Friday, October 14, 2022

Dave Dyment | Dead Ringer poster + final screening





Dave Dyment
Dead Ringer poster
Toronto, Canada: Ontario Culture Days, 2022
64 x 100 cm.
Edition of 200

For the promotional poster of my Dead Ringer film, I wanted to include footnotes to the film on the verso. Not citations, digressions. Both because footnotes to a film is funny to me, and also because there were a slew of stories I wanted to tell that couldn't be included in the film proper. And because I like publications. 

There are a hundred-and-one footnotes, or rather eighty-eight, and thirteen footnotes to the footnotes. Over seven-thousand words in total. These are primarily things from the original script that had to be removed because of a lack of available visuals to illustrate them, or for length, or pacing concerns. A few examples are below. 

The film is about the city of Toronto, through the lens of Casa Loma, so it debuted at the 'castle' last month and has two subsequent screenings at City Hall, the final of which is tomorrow. These are more casual events, so if you don't wish to stay for the full 105 minutes, you can drop in and out. 

For more information, or to reserve a spot (which I am pretty certain is not necessary), visit: 






24. Cities are often essential characters in police dramas. For example, could The Wire be set anywhere other than Baltimore? Compare the nameless cities in Canadian police procedurals to the titles of American cop shows like Miami Vice, NYPD Blue, Hawaii 5-0, Reno 911, Brooklyn Nine Nine, Chicago PD, and the CSI and NCIS franchises. SCTV parodied this trope with a sketch titled “Magnum P.E.I.”.

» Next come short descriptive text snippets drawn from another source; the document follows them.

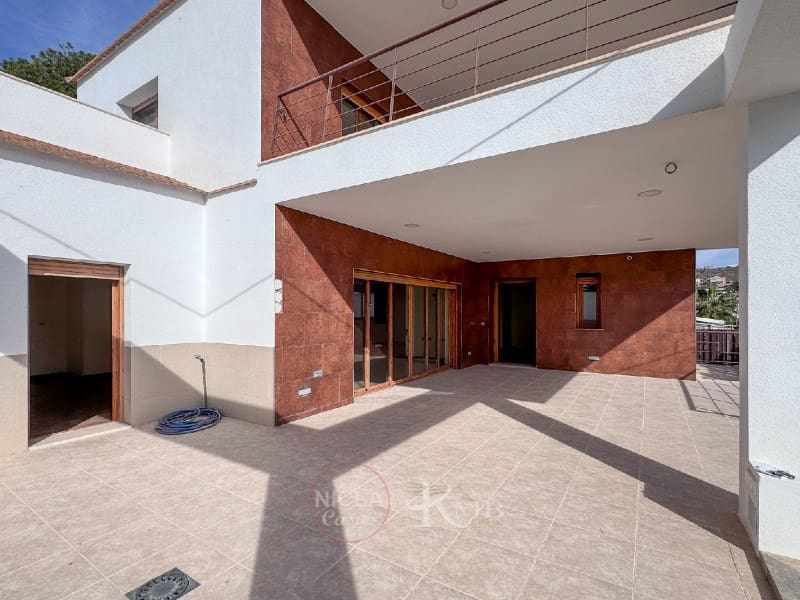 4 Zimmer Villa zu verkaufen in San Juan de los Terreros mit Pool Garage - 849.000 € (Ref: 8828105)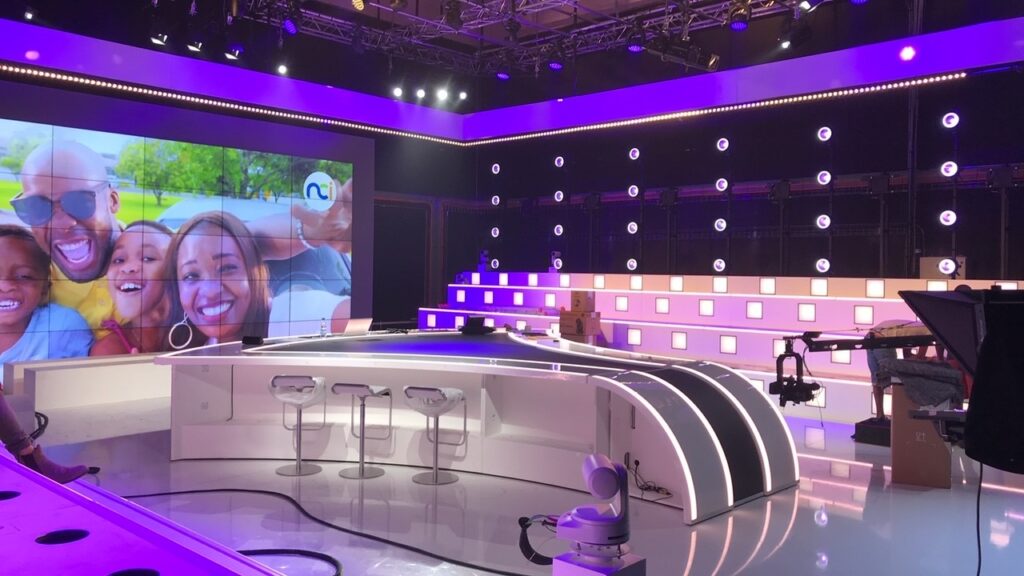 Montée des artistes, influenceurs et humoristes sur les plateaux télés ivoiriens : une menace pour la crédibilité de la profession ?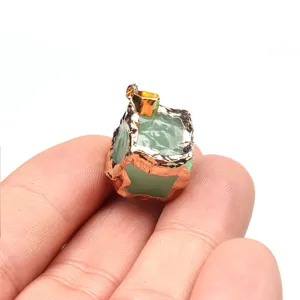 Nahaufnahme des grünen Kristallwürfel-Anhängers mit wunderschönen metallisch goldenen Kanten.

25. Canadian shows set in “North Generica” not only attempt to avoid visual landmarks, but are careful regarding jargon. Police procedurals use the term Precinct rather than Division. Officers, Detectives and Lieutenants instead of Constables, Sergeants and Inspectors. Characters open Electric bills, rather than Hydro bills. Script writers are asked to avoid the words Out and About. 

27. When Slavoj Žižek remarked to Toronto audiences that “the only ontological reason for San Francisco to exist, is so that Hitchcock can film Vertigo there” he was presumably paraphrasing his favourite philosopher Georg Wilhelm Friedrich Hegel, who made a similar comment about the Peloponnesian war and Thucydides.

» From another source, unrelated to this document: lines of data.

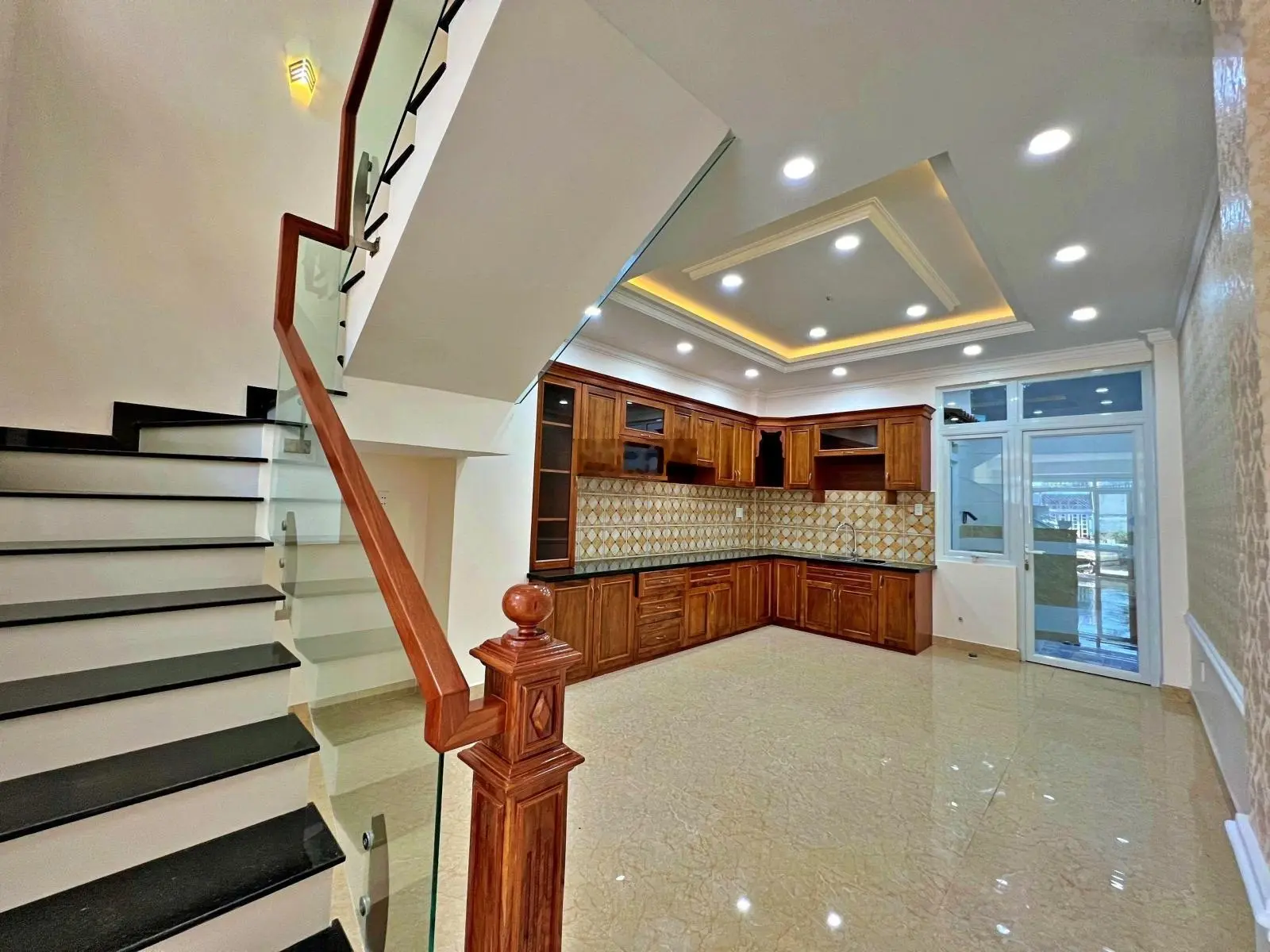 Siêu phẩm 60m2 - hiệp bình phước - 4 lầu hoàn công - chỉ 6.92 tỷ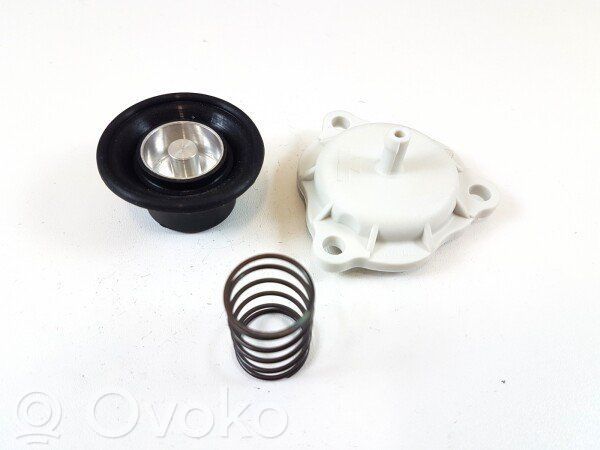 Opel Astra G Cześć układu próżniowego turbosprężarki 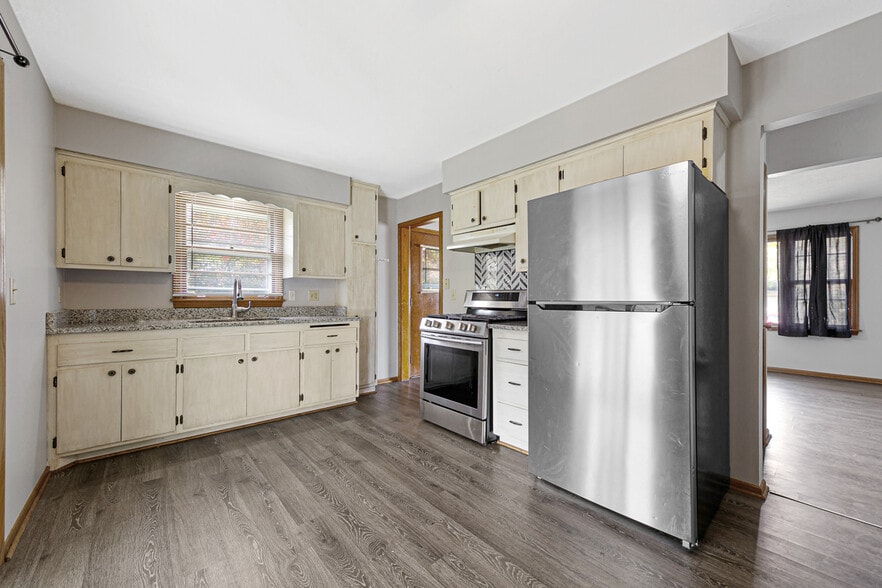 Kitchen - 7919 28th Ave N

88. It would be easy to conclude that Toronto feature films often include thematic examples of duality, deception and concealment. I began collecting scenes with mirrored images from Toronto cinema, and felt like I had hit upon something staggering. Until I listened to an interview with Howard S. Berger - the world’s leading authority on the subject of Prosthetic Quietus, or “Dummy Deaths” as he calls them.  Films that feature mannequin stunt doubles that meet their demise. 

Berger has come to a similar conclusion: films with corpses portrayed by dummies (with thousands of examples, from every genre) all also include themes of transformation, substitution, deception, and duality. Leading then, one assumes, to the realization that all films contain these themes.